Often you find your interesting-but-different experimental crop doesn’t entirely live up to expectations: last year’s achocha, a sort of cross between a cucumber and a green pepper, were pretty plants and easy to grow but the fruits were small and for my money, didn’t taste different enough from green peppers to explain why you’d grow achocha and not green peppers (apart, of course, from an insatiable need to be very, very fashionable).
But sometimes, you can be nicely surprised. My expanding clump of yacon is now among my favourite edibles in the garden. It does brilliantly in damp summers, looks gorgeous, is satisfyingly vigorous while behaving nicely to other plants around it, and yields huge, juicy tubers at the end of the year which taste a little like pears and are so sweet they can be eaten raw if you don’t care to cook them.
For me the hunt for new things to try growing is a search for the next yacon – a vegetable which expands my horizons and gives me something tasty to eat. I start every spring with something, usually in my greenhouse, which I haven’t yet grown, just to have a go, see if it’s worth it, and hopefully keep my veg-growing life interesting. Oh yes, and to boast about it to my friends.
Here are this year’s on-trend arrivals: I’ll let you know how they score on the yacon-ometer later in the year.
Kaffir lime: the first time I saw its waisted. glossy leaves in a show garden at Hampton Court I wanted this plant. They’re used in Thai cooking, which isn’t often on the Nex menu but may well be soon if this lives up to its promise. My track record with citrus isn’t great, but I’m always willing to have another go.

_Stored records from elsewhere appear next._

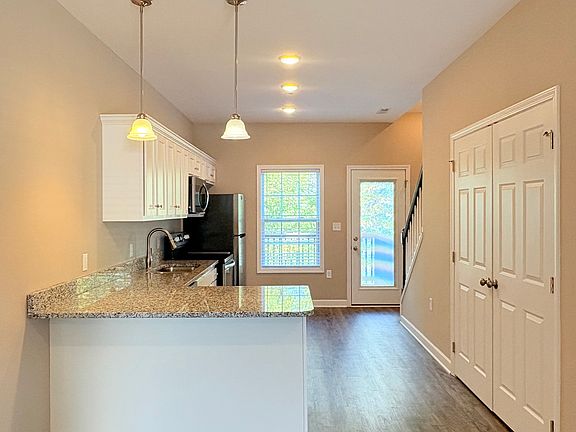 4th image of 258 Spring Creek Ave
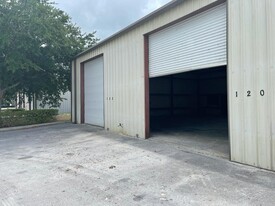 110 Commercial Pl, Sebring FL - Entrepôt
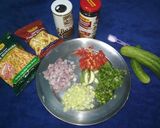 A picture of step 1 of Schezwan bhel.
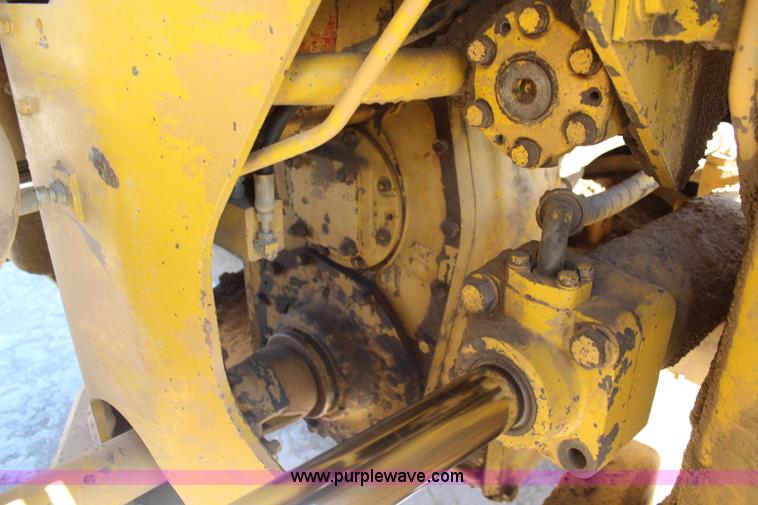 image for item I5923 1983 Caterpillar 980C wheel loader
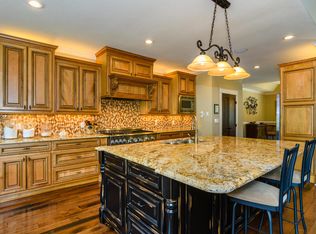58 Bradshaw Ln, Candler, NC 28715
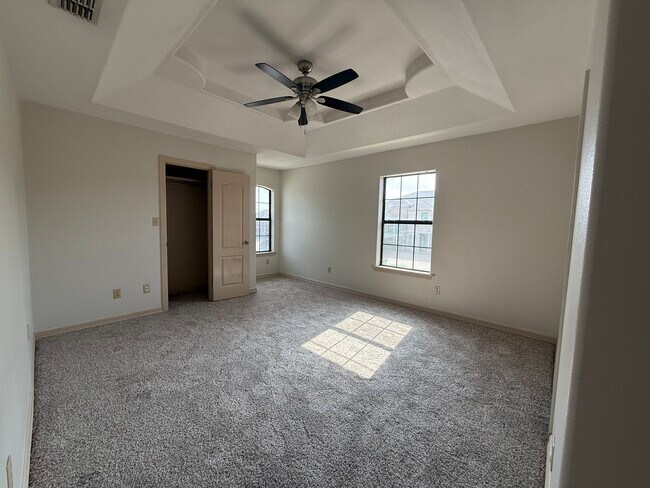 Building Photo - 1502 W Kiwi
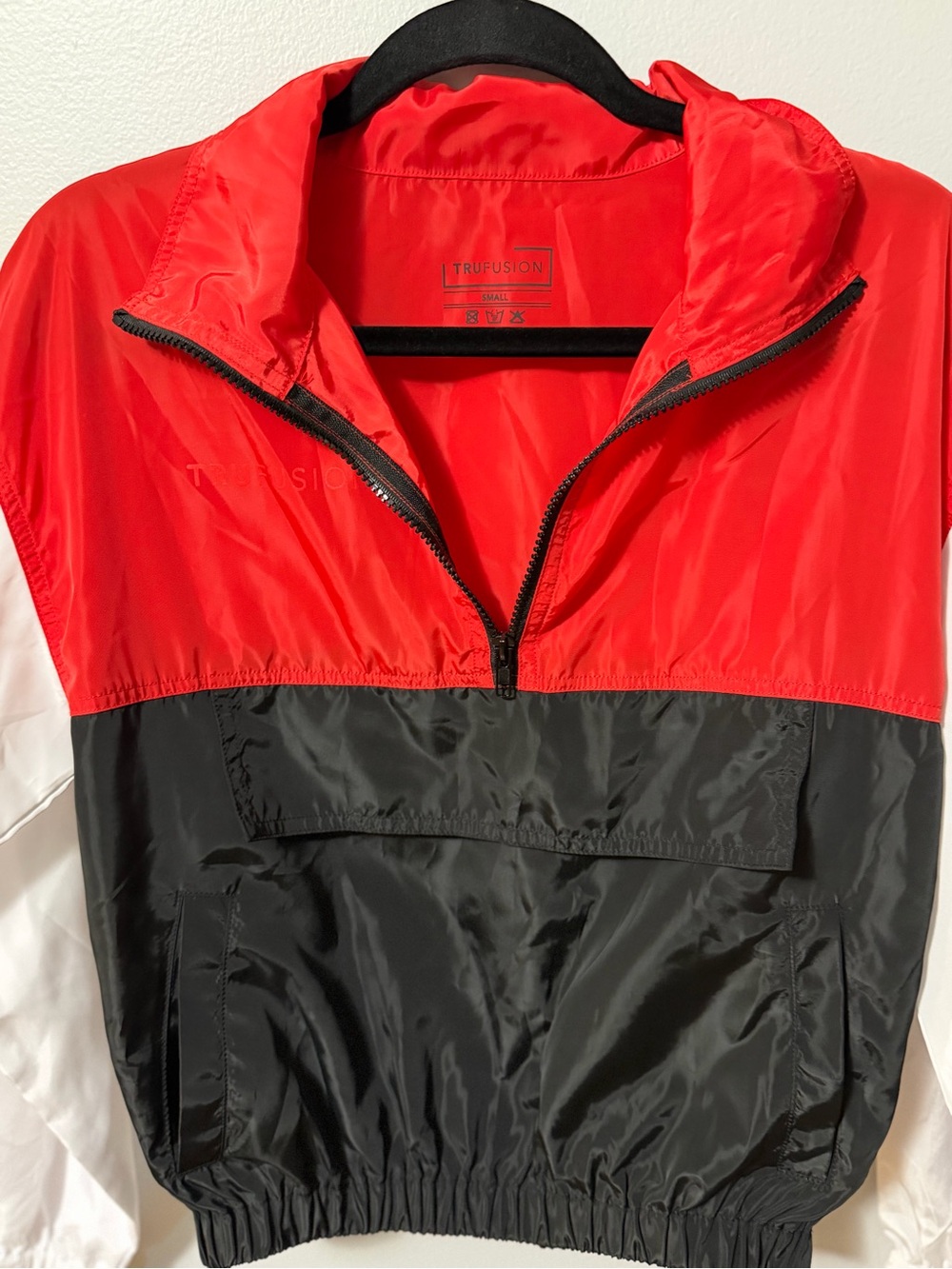 Trufusion Women’s Small Colorblock Windbreaker Pullover Red Black White - Picture 2 of 4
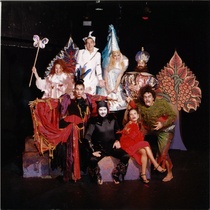 Photographs of the theatrical production, Farsa maravillosa del gato con botas 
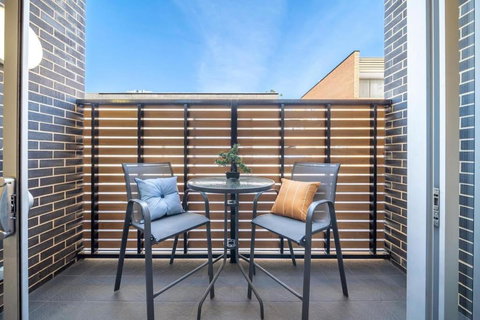 Floral On Frew Adelaide - Tourism TAS 2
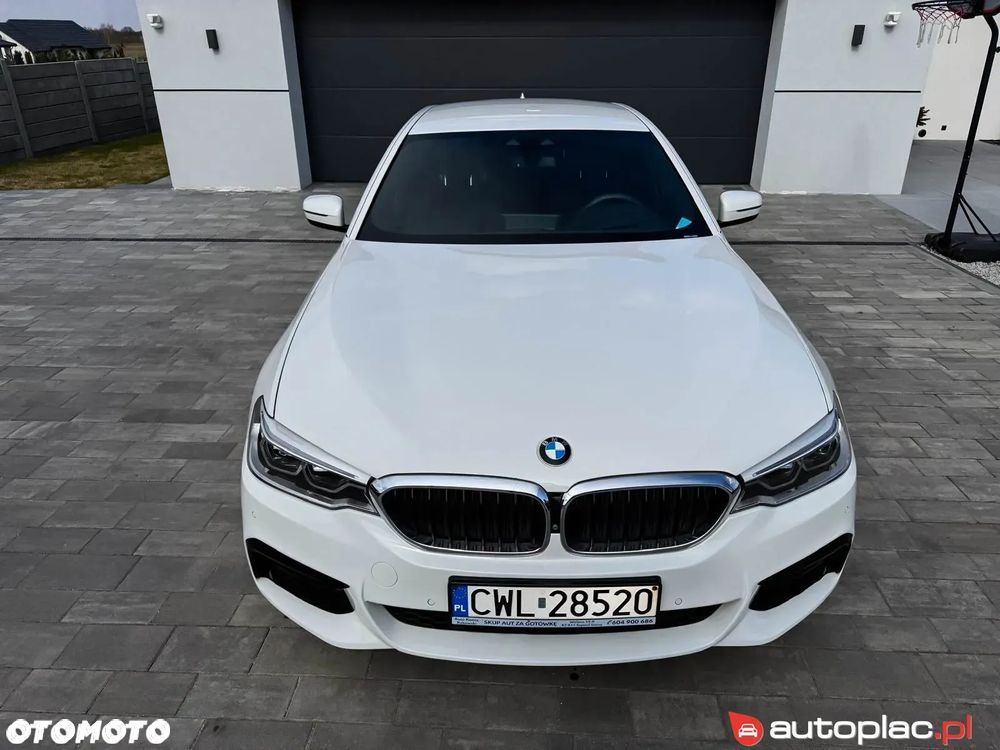 BMW Seria 5 520d M Sport sport - 9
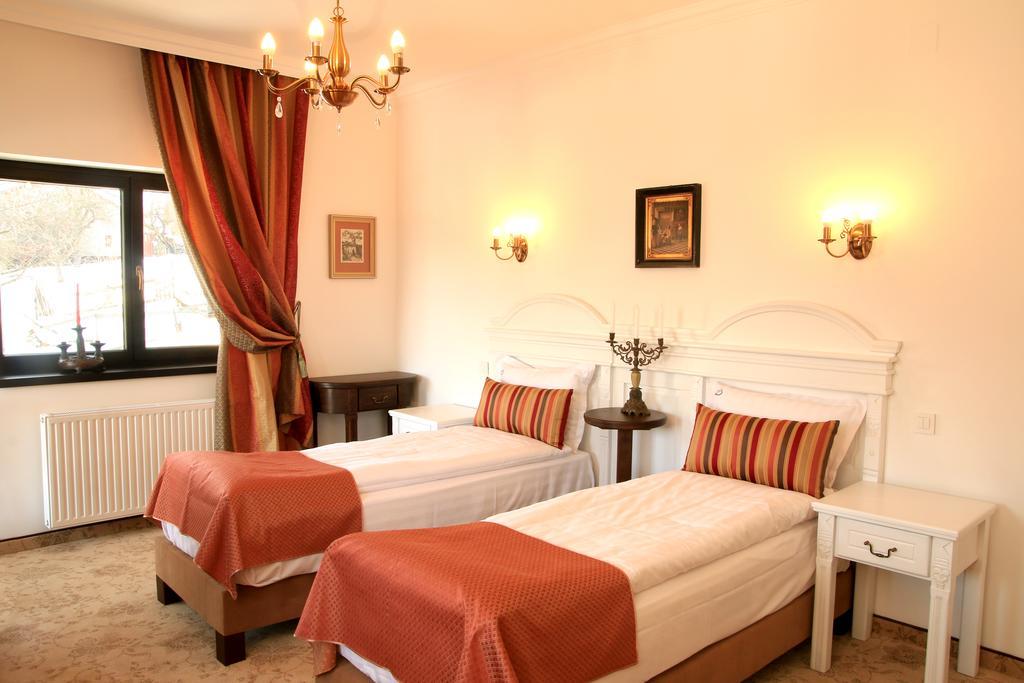 Conacul Bratescu Maison d'hôtes 4*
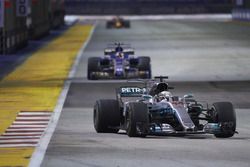 Lewis Hamilton, Mercedes AMG F1 W08, Pascal Wehrlein, Sauber C36
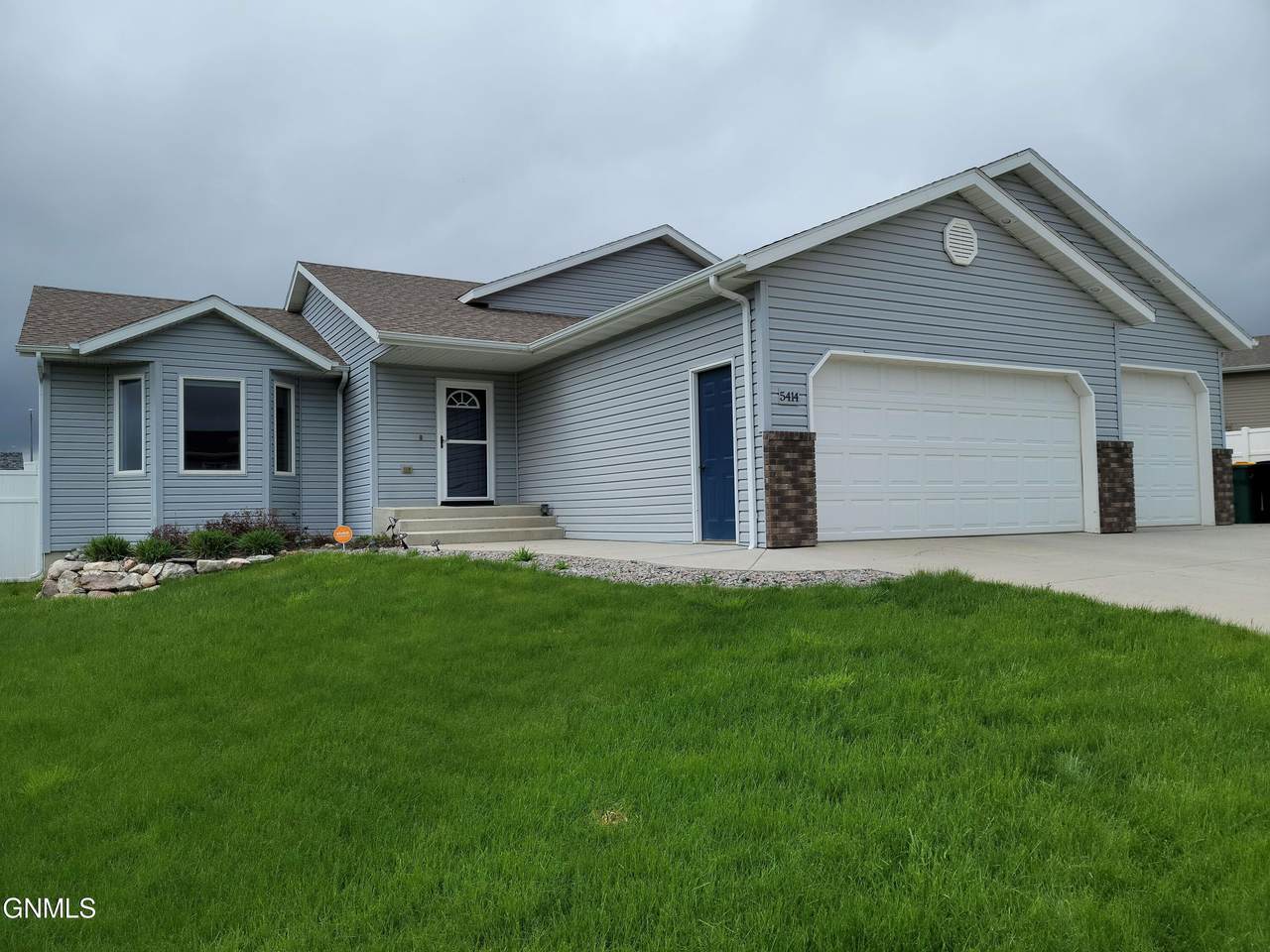 5414 Calvert Drive - Photo 1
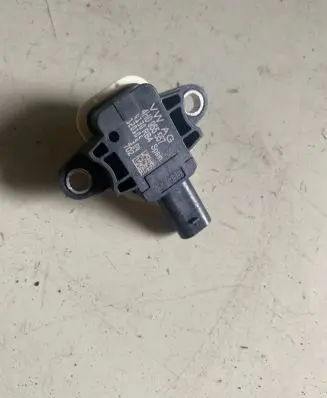 Volkswagen Polo V 6R Airbag deployment crash/impact sensor 4H0955557 4130RB4 3010G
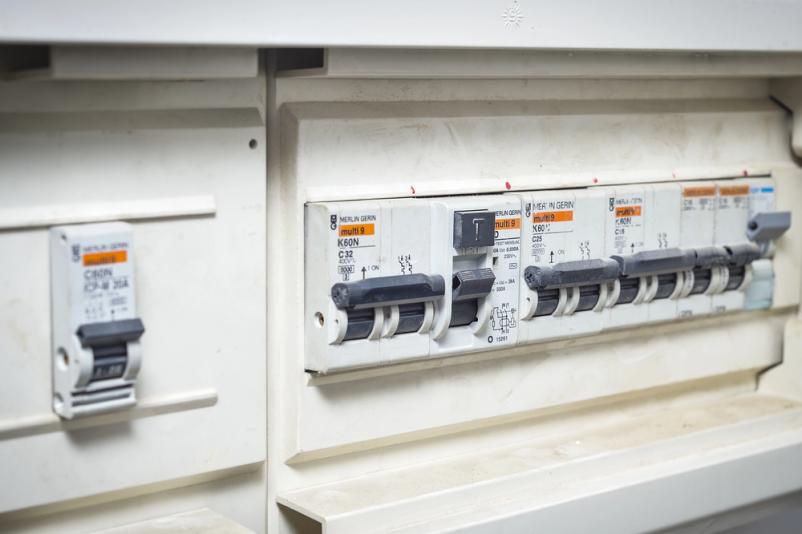 Elektro in avtomatizacija – inštalacije, pametni sistemi in krmilne omarice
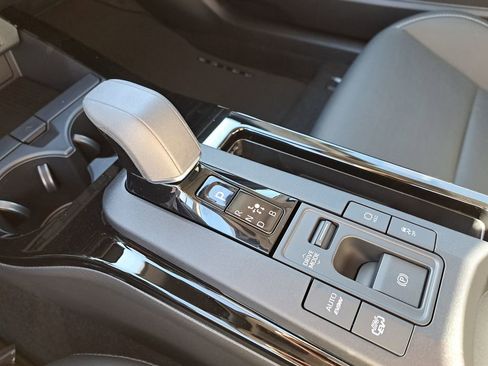 New 2026 Toyota Prius Plug-In Hybrid image 26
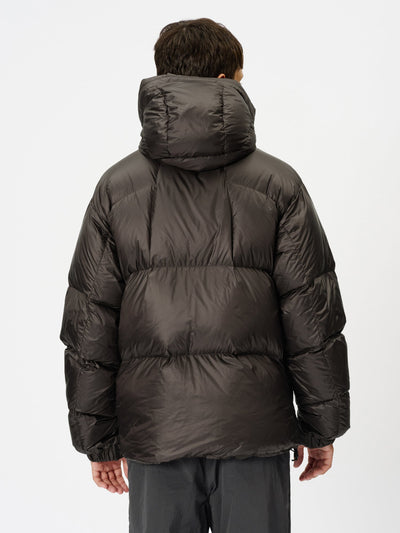 Model: Height 186cm / 6'1" | Wearing: DEEP BROWN / 3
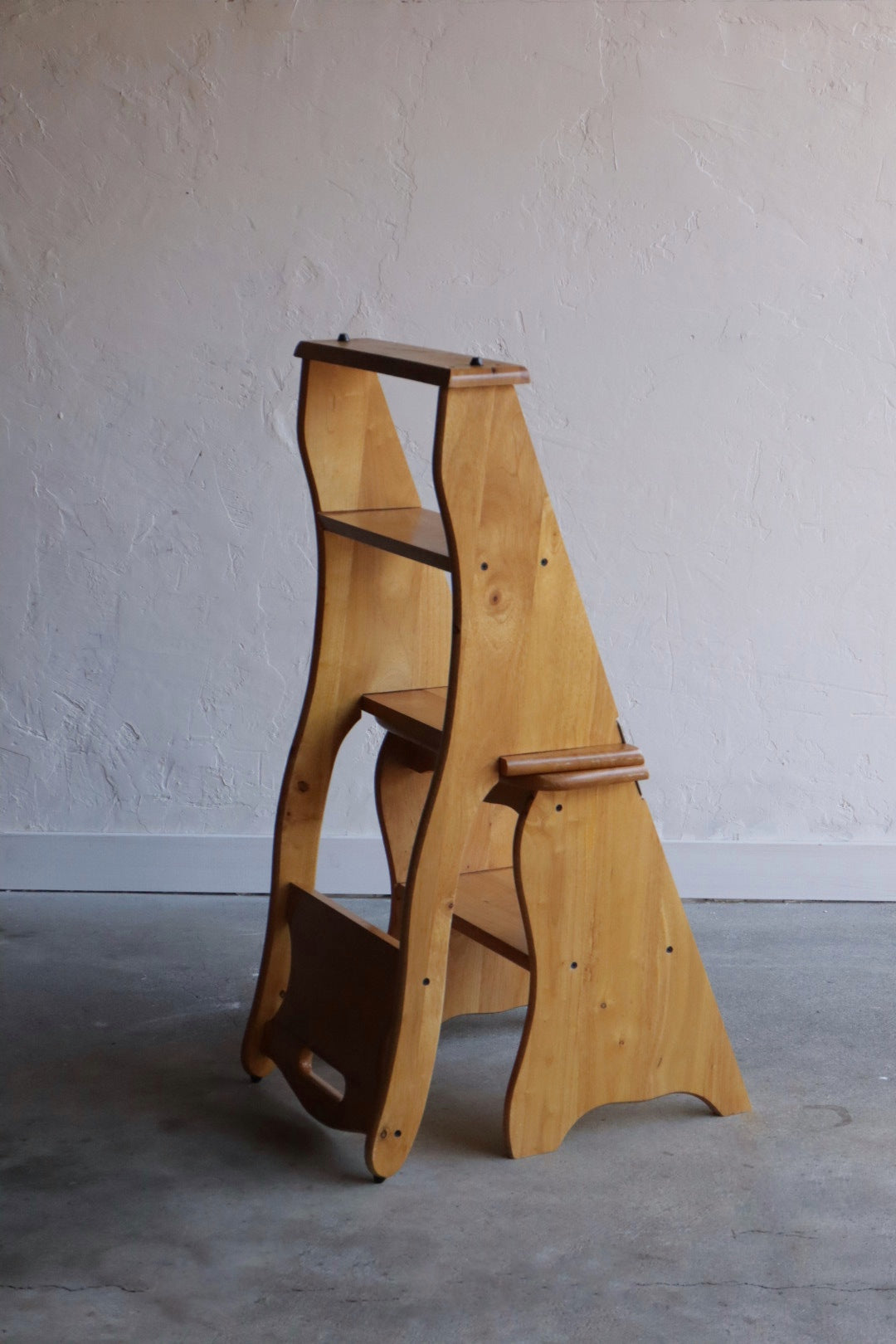 Convertible Ladder/Chair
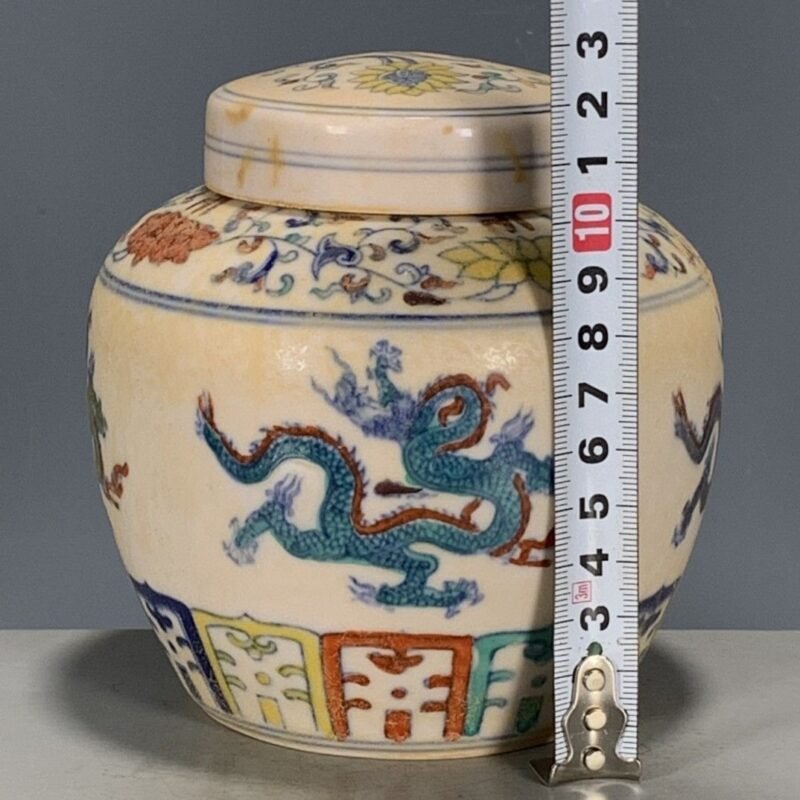 Antique Doucai Porcelain Ginger Jar with Lid (9)
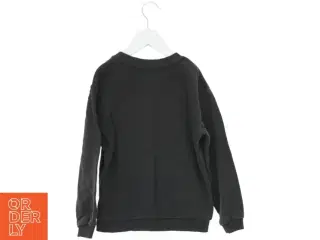 Sweatshirt med dinosaur print fra H&M (str. 122)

Okra: every time I go into an Indian restaurant, ladies’ fingers, or bhindi bhaji, is on the order. I’ve had a go at growing okra before but the young plants shrivelled in our cold spring: this year I have a super-duper new propagator which is keeping them going nicely. They’ll stay in the greenhouse, trained on a wigwam, for upward-pointing fruits later in the year.
Tree chilli: more properly known as Capsicum pubescens, it has small and very hot chilli peppers and is basically much like any other chilli plant – except that it grows up to 2m tall in a good summer, especially if you keep it in the greenhouse. It makes a rather unkempt, straggly shrub and needs plenty of support.
Chilean guavas: These little shrubs look fabulous already with the new growth coming through coppery fresh, and they’re only 6″ high. Just imagine what they’ll be like with their pink, blueberry-like fruits in summer. They do need acid soil, something of a setback since I have unrelentingly chalky soil, but I’m growing mine in pots of ericaceous compost, just like blueberries, where they should be quite content.